Many-core Mania

DAC-44 notes

Friday Jun 15, 2007

I was at the DAC (Design Automation Conf.), the biggest trade conference in the EDA industry held at San Diego last week. Presented a paper from my PhD research work (shameless plug to my dissertation summary). Overall it was a very exciting conference. Here are some of the notes I made from the sessions I sat in during DAC last week.

Tuesday: 06/05


  1. Panel Session: Mega Trends and EDA 2017

    1. Moore's law will continue for next 10 yrs; corollary is
      the law for manycore processors (might see 500+).
    2. EDA/semicon industry for next 10 yrs will be at 8%
      (single digit) growth; Not the era of 14-15% growth of
      90's.
    3. Industry in "golden age" after initial stage of
      irruption, tech bubble, etc.
    4. More interaction/convergence b/w foundries and EDA tools
      companies
    5. Power, DFM, DFY major issues, but not show-stoppers;
      consensus that solutions will be found.
    6. Application driver may not be consumer electronics but
      healthcare, auto, etc. (Juan Antonio Cabarallo, Aragon
      Venture)
    7. Convergence of design platforms; consolidation across
      semicon and EDA companies (Cabarallo)
    8. Will see emergence of more application software
      development (perf. optimizers, tuners, etc) by EDA
      companies (Prof. Kurt Keutzer, Berkeley)
    9. Techeconomics will drive the respective industries (Aart
      de Gaeus, Synopsys)

  2. 2. Paper session: Leakage Power Analysis and Optimization

    1. Paper #3: modeled dependence of Vt on width, useful in
      the context of wider transistors.

  3. 3. Panel session: Early power-aware design and validation, myth or
    reality

    1. Consensus that it is largely a reality as several
      designs use it successfully
    2. No consensus on what accuracy can/will be achieved
    3. Data quality bad in arch.-level power but early
      power-aware design does help and works in real design.
      Start with the following: i. Arch. performance model ii. Block-level activity from simulator, iii. Switching cap extrapolate from previous generation design
    4. Silicon within 10% arch. estimates obtained with
      intensive high-level modeling effort (Steve Curtis,
      Intel)
    5. High-level power estimation/opt tools confined to
      startups; big EDA companies not betting on it since not
      sure when system-level design will take off (E. Macii,
      Univ. Torino)
    6. Lack of standard format for exchanging power info;
      Accellera UPF expected to make things better
    7. Limited availability of info. for characterizing power
      models because knowledge of the IP is needed (companies
      not ready to share)


Wednesday: 06/06

  1. Paper session: Process-aware physical design

    1. Paper #1: proposes buffer insertion under process
      variations.
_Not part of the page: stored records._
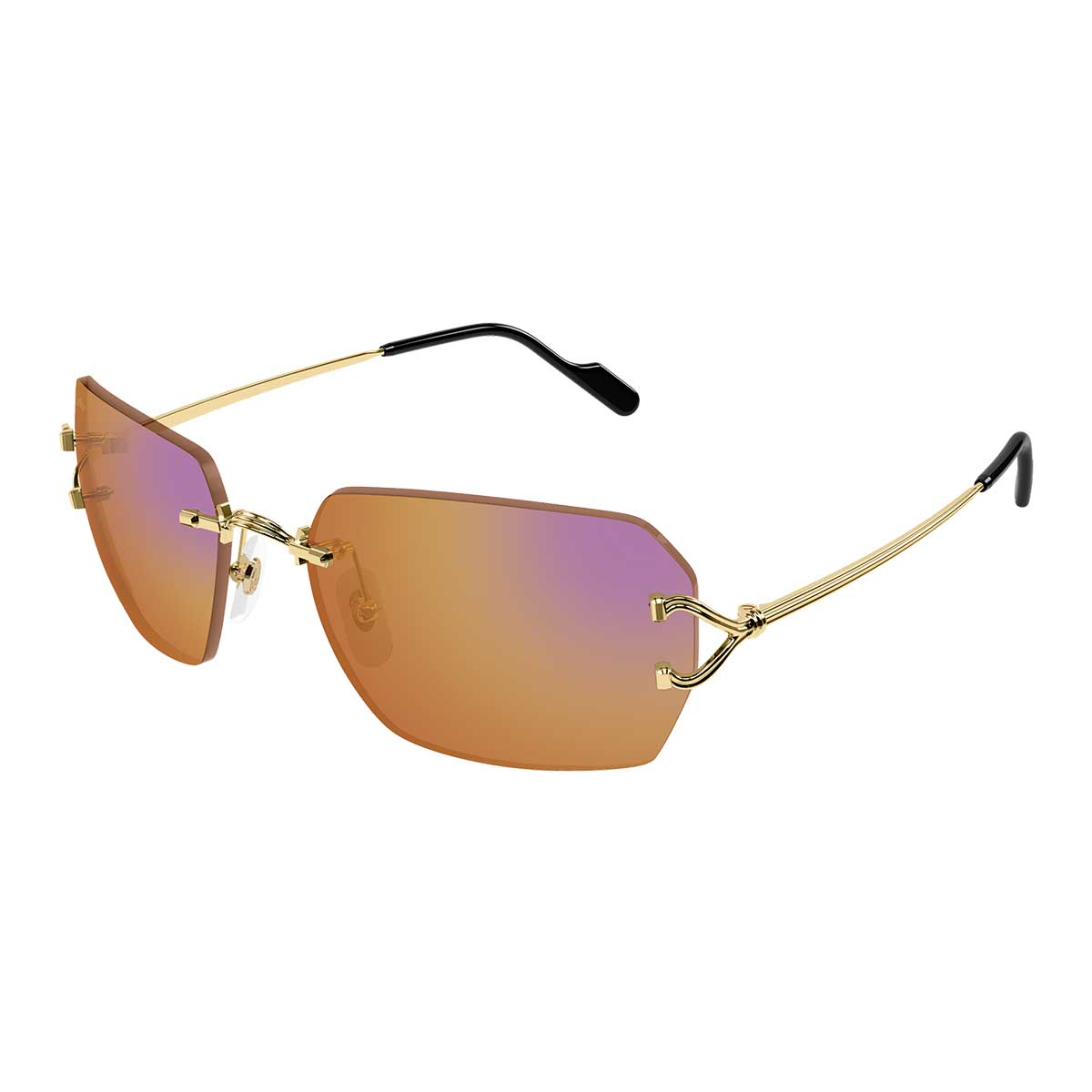 Cartier Occhiali da Sole CT0664S 004 Oro/Arancione Unisex 2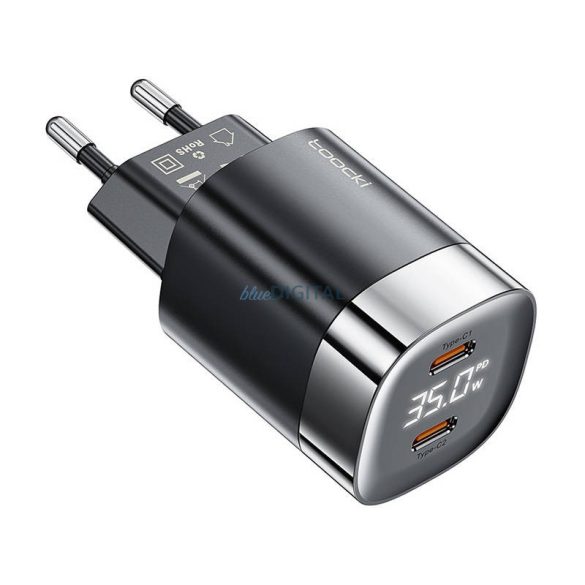 Toocki 2x USB-C, GaN 35W-os töltő (fekete)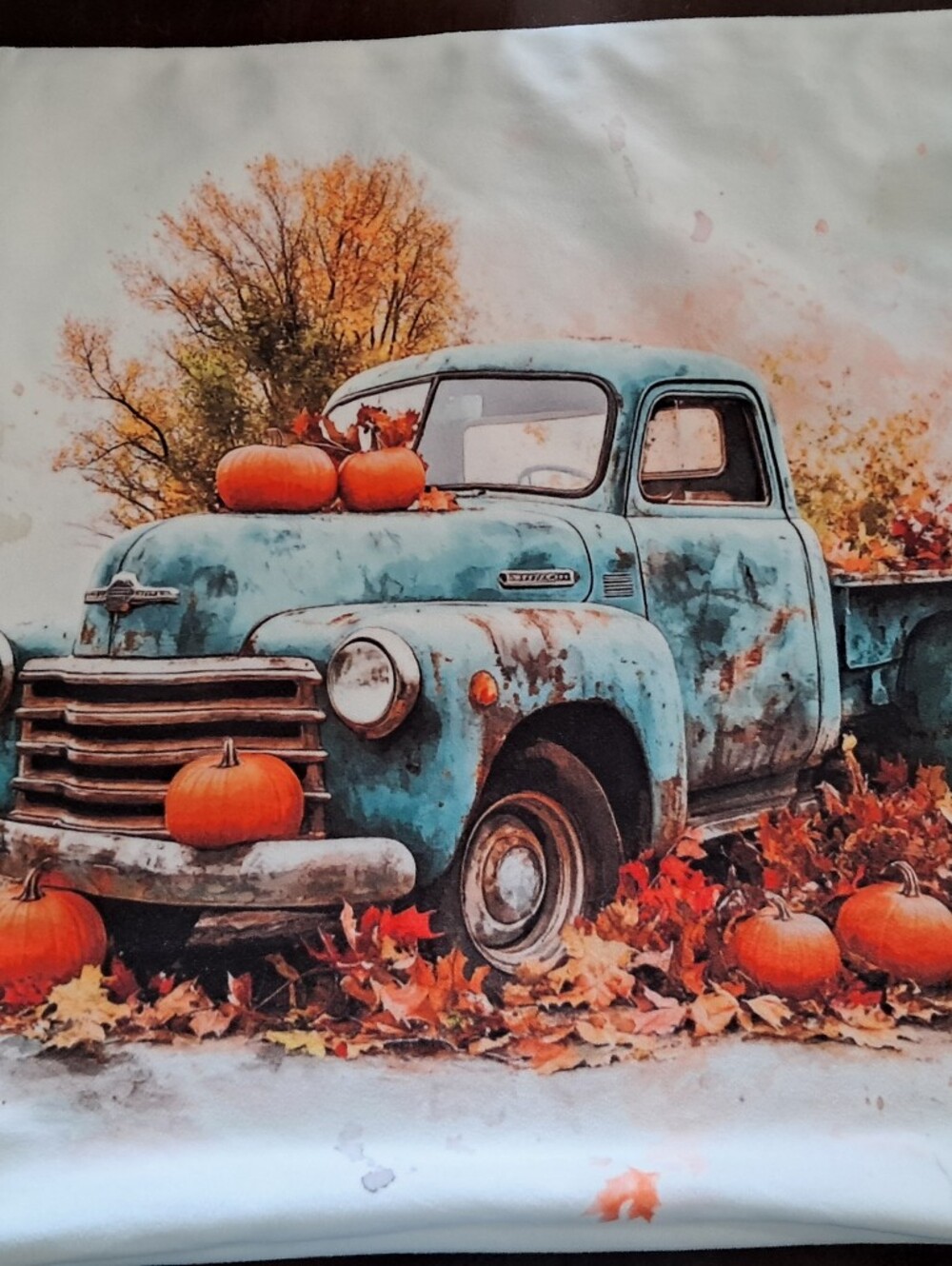Vintage Blue Truck with Pumpkins Throw Pillow Cover 17in X 17in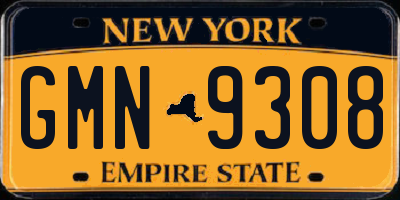 NY license plate GMN9308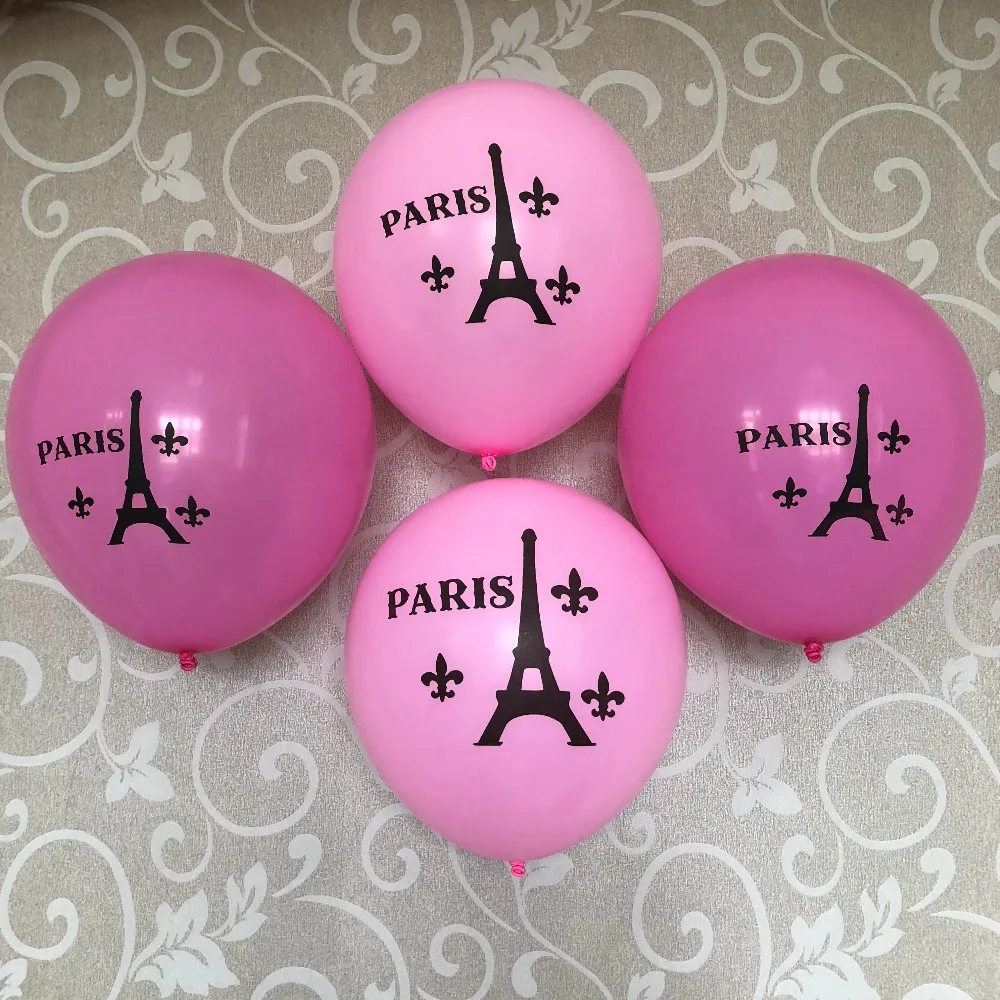 12 Pink Paris Eifel Tower Balloons I Love Paris Theme Sweet 16 Birth Princess 7th 13th Birthday party Baby Shower Decorations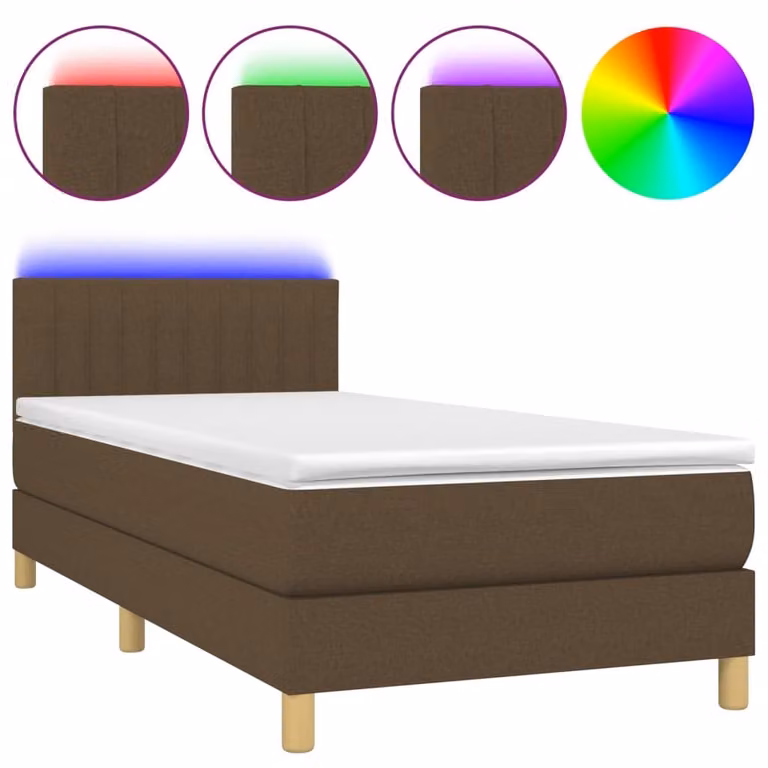 Letto a Molle Materasso e LED Marrone Scuro 100x200 cm Tessuto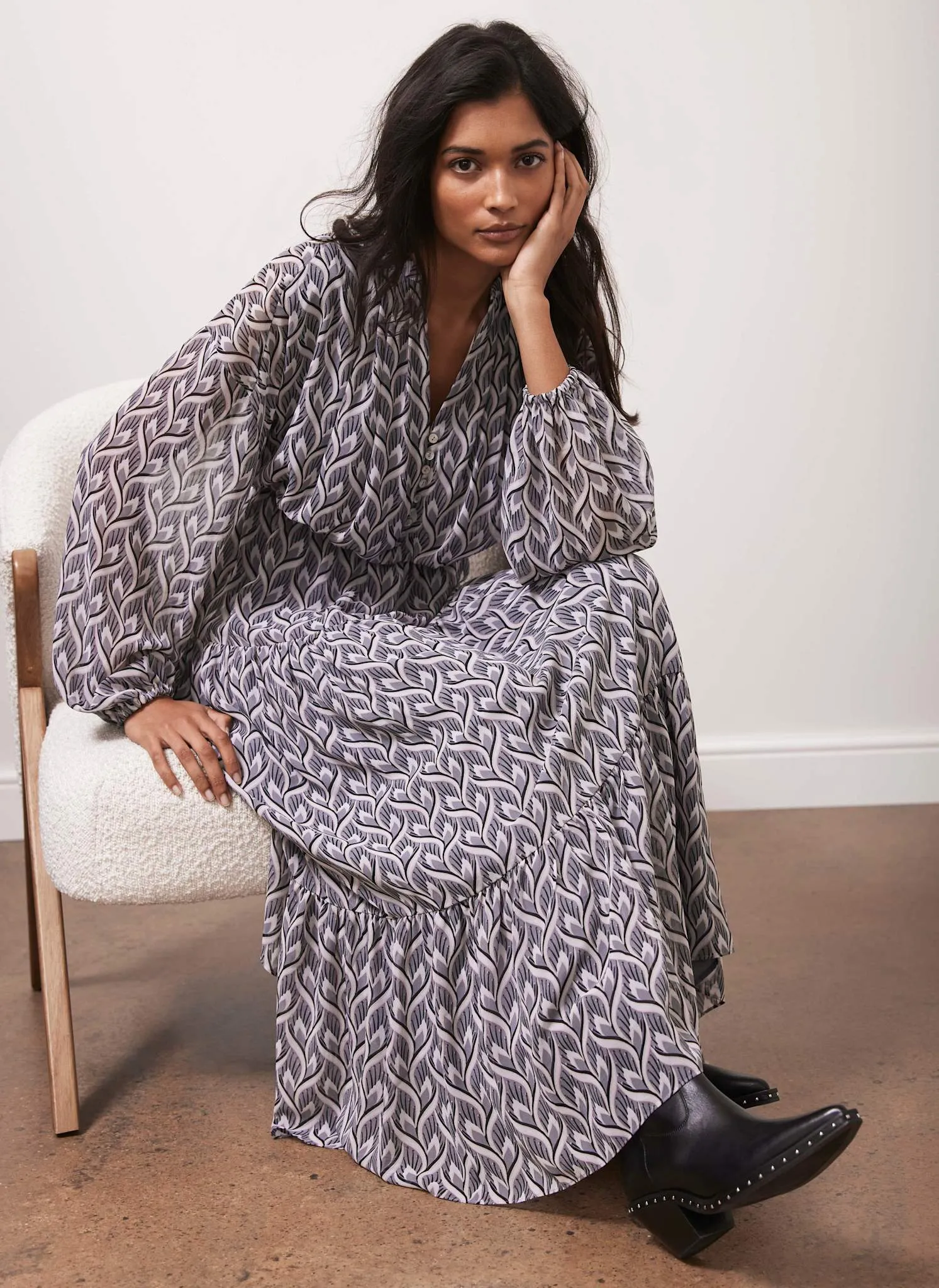 Grey Geometric Print Midi Dress sold by Mint Velvet product image thumbnail 2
First, do slew-constrained buffering, then
      iteratively check timing and do delay-constrained
      buffering until timing is satisfied.


Thursday: 06/07

  1. Special Session: Thousand core chips

    1. Shekar Borkar, Intel:

      1. 45nm can integrate 8 bil transistors; 2014 we
        will hit terascale (100 bil); integration
        capability will facilitate 1K cores in 10 yrs
      2. transistors moving to trigate; delay and energy
        scaling will slow down; 1.25x realistic freq.
        scaling; 0.7x vdd scaling; 1000 core chips will
        have 1000w of power
      3. Pollacks rule: in single core, 2x (power or
        area) = 1.4x perf.
      4. multi-core chips will have general purpose,
        special purpose procs and connected by
        interconnect fabric; opportunity for
        fine-grained pwr. mgmt. in multicore; parallel
        s/w key to multicore success.
      5. Having many small cores will give better
        performance but parallelism in applications
        should double every generation to break even;
        means that s/w shd be able to parallelize better
      6. How to feed the beast? 100GBps BW may be needed.
        I/O power at this rate will be 25W using ~400
        differential pins. Reduce distance between cores
        to abt. 1-2mm; 3d chips with DRAM on bottom
        probably best solution.
      7. Resilient uarch in manycore needed because
        components will get more and more unreliable
        (soft errors, variability, aging, etc.);
        possible solutions: dynamic on-chip testing,
        redundancy, etc.

    2. Anant Agarwal, MIT:

      1. KILL rule for multicore (Kill if less than
        linear): A resource in a core (power or area)
        must be inc. in area only if the core's perf.
        improvement is more than the inc. in the
        resource.

    3. Wen-Mei Hwu, UIUC:

      1. Parallel prog models needed for >4 cores. Models
        should last for many generations of multicore.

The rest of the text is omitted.